Citizens quality of life has to be one of the core strategies of the city administration. Actual IoT systems help our quality of life by ensuring our citizens safety. Issues like violence control or crowd control, monitorized by street cameras, will help the police to detect crimes and try to solve then as quickly as is possible to avoid risks.
Other aspects like smart street lighting will also help our safety, giving us safe ways to return back to home when there is no natural light and also respecting the environment.
Companies like Ikusi, that has been exploring this field for years, will rise as benchmark for the cities cared about ther citizens.
Imagine how works an efficient delivery company. Companies like Amazon are structured in a very powerful logistic platform, a platform has to inform to all the involved employees (logistic department, delivery department, etcétera) about every change of the customers. This is how a future city should solve public transport problems. A sensor detects a problem and notices the citizen about it, offering him a solution proposal: another transport way, for example.

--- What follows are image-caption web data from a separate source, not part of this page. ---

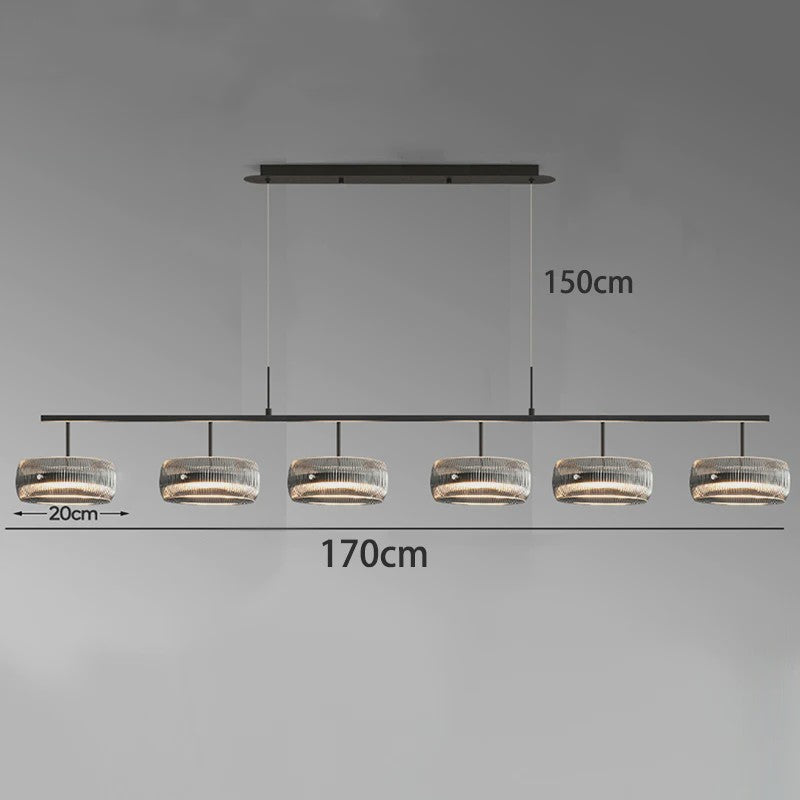 Moderne Plafondlamp Hanglamp - Stijlvolle Verlichting voor Eetkamer & Woonkamer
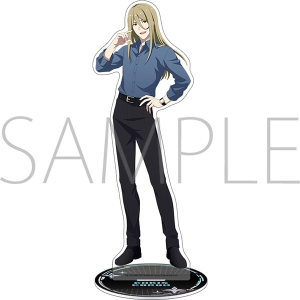 アイドルマスター SideM ビッグアクリルスタンド／天峰秀 サマー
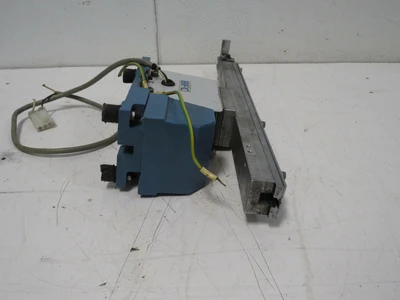 Used BFC _UNKNOWN_ Vibratory Bowl Feeder | OCO Industrial #1730572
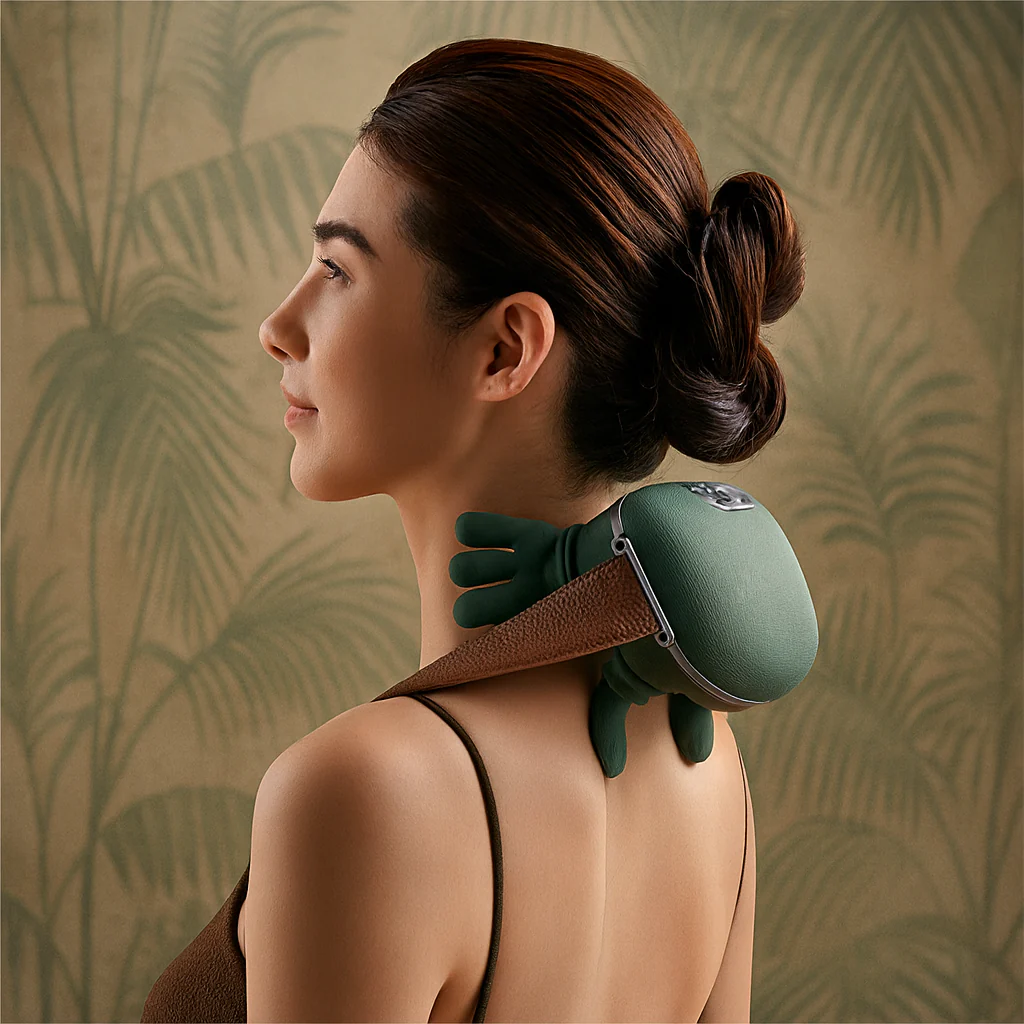Neck & Shoulder Pro™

This is also a shared problem in traffic management and parking areas. Current big cities have huge traffic and parking problems that produce large delays and economic losses. Future cities have to manage these problems, and Smart Cities appear like the best way. Imagine a traffic light with a camera that notices about the traffic flow, enabling a control center to reconsider the programmed traffic stops, redirecting cars to another location and avoiding the usual traffic jams at rush hour. Something that is also useful for parkings. Apps that notice users about where they could find parking lots have to increase their scope in the next years.
Nowadays the environment protection is one of our biggest concerns. The way we see our world has changed and the climate change is the biggest challenge of humannity for the next years. Thus, our future cities can´t be conceived without a green awareness. These issues, that will be definitive in our fight against climate change, have to be integrated in our cities, even if we consider that in some years our cities will house much more people, what means more pollution.
The air quality will be one of the biggest problems that future cities will have to manage. More popullation means more cars, what means more smokes, what also means pollution and health problems. This being the case, future cities plans will have to think about the cohabitation of green areas with our future needs.
Even if we change the actual climate situation, the consequences produced by the bad practices committed during the last century will appear. That´s why future cities have to be prepared to face natural events like floods, drynnes or high winds, that have been boosted by the impulse of the climate change.
The more people lives in a city, the more risks appear to the health of the population. The disease control, by deploying health plans for citizens (vaccines, medical examinations, medical coverage…) will be another key that have to be present in the future cities.
Megacities will also have to supply every kind of emergencies, minimizing the waiting times with efficient tools, something that each city has to be prepared for, even more knowing that future hospitals will have to deal with a older population with cronical diseases.